Medicare officials estimate that it would cost $500 million to change their computer systems if they issued new ID numbers to beneficiaries. Doctors, hospitals and other health care providers use those numbers in filing claims with Medicare, which pays a billion claims a year.

I regard this with the disdain it deserves. The state of Virginia has phased out SSN's as the drivers license number. I recognize that Medicare is not used to issuing new cards every 5 years or so, but I assume they have procedures for replacing lost or stolen cards. And they have procedures for handling erroneous numbers (i.e., if they give out a card with the wrong number they're able to reissue a new card with the right number). Those two capabilities can be the basis for the changeover because they supply the business logic for the change. The third and missing element is a process to generate a unique 9-digit number for Medicare recipients. All they need is a cross-reference file matching their number to the SSN. Match all bills against the file so the provider can bill using either the SSN, if already in the provider's database, or the Medicare number.

The bottom line is, they're going to have to do it someday, might as well do it now.

Monday, June 02, 2008

A Faceless Iraqi Bureaucrat

The Post has a fascinating (to me) article on an Iraqi bureaucrat:

The looped and dotted script of Abdul Ghani's signature is etched in rubber and slicked with ink. His signature is the final stamp of approval for many foreign matters involving Iraqi citizens.
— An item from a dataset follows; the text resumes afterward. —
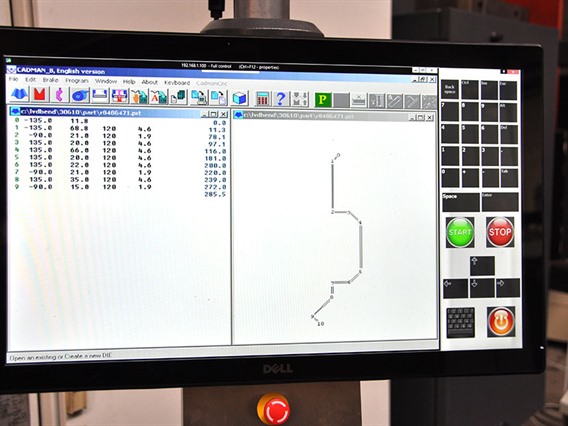 LVD PPEB-EFL Turbo 170 ton x 3100 mm CNC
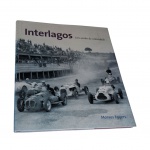 LIVRO -  Interlagos, Um sonho de Velocidade, Morares  Egger, assinado e com dedicatória, 25/04/09, 139 páginas ricamente ilustradas.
"Every embassy in the world has a record of my signature," says Abdul, 28, leaning forward on his thick arms.

Apparently, he and other "authorizers" have to sign documents, like high school diplomas being used to apply to college abroad.

What's fascinating? Well, he is a faceless bureaucrat, but as he says, his signature is known. And before bureaucrats had signatures, they had seals, authenticating a document (i.e., like the Great Seal of the U.S. or the "signet" ring which was a more personal seal). Some movies make a big deal of the application of seals--like the warrant for execution of someone in British politics (Queen Mary, Cromwell, whoever). So on the one hand you have the anonymity of the bureaucrat, the document stating a bureaucratic rule without a hint of the author, but on the other hand you have the authentication, tracing the document back to some process with legitimacy.

Tuesday, May 06, 2008

Clearance Process

This article says OMB is going to rely on automated matching of data to speed clearance process.
Here's a followup article

I have some doubts--the TSA watch list shows some of the problems of putting together databases. And genealogists run into the problem regularly--does record A refer to the same person as record B? I think a learning, evolutionary process could work. By which I mean, assign something like a credit rating to a person based on available data, track the person's history and adjust the rating accordingly. Unfortunately, that sort of thinking doesn't fit with the black and white, binary choice world of security clearances.

Monday, April 28, 2008

Identity Checks and Government Blogging

Here's an article on changes being made by DHS in handling their no-fly list and here's the DHS blog's post on it . (If I understand, Ted Kennedy gets stopped all the time, because there's a suspected terrorist (or at least someone on the no-fly list) with a similar name, so they have to establish Ted isn't the same person. Now, under the proposal, if Ted allows his date of birth to be added to the airlines data, he can go right through.)


The proposal makes sense to me, but not to the first four comments on the blog. Maybe they aren't into genealogy, where you have to distinguish among multiple John Rippeys or even worse, William Smiths. Much less try to reconcile the data between ASCS and SCS to determine whether each agency was dealing with the same people. But then, I'm just a retired bureaucrat who tends to trust bureaucracies, at least in some instances.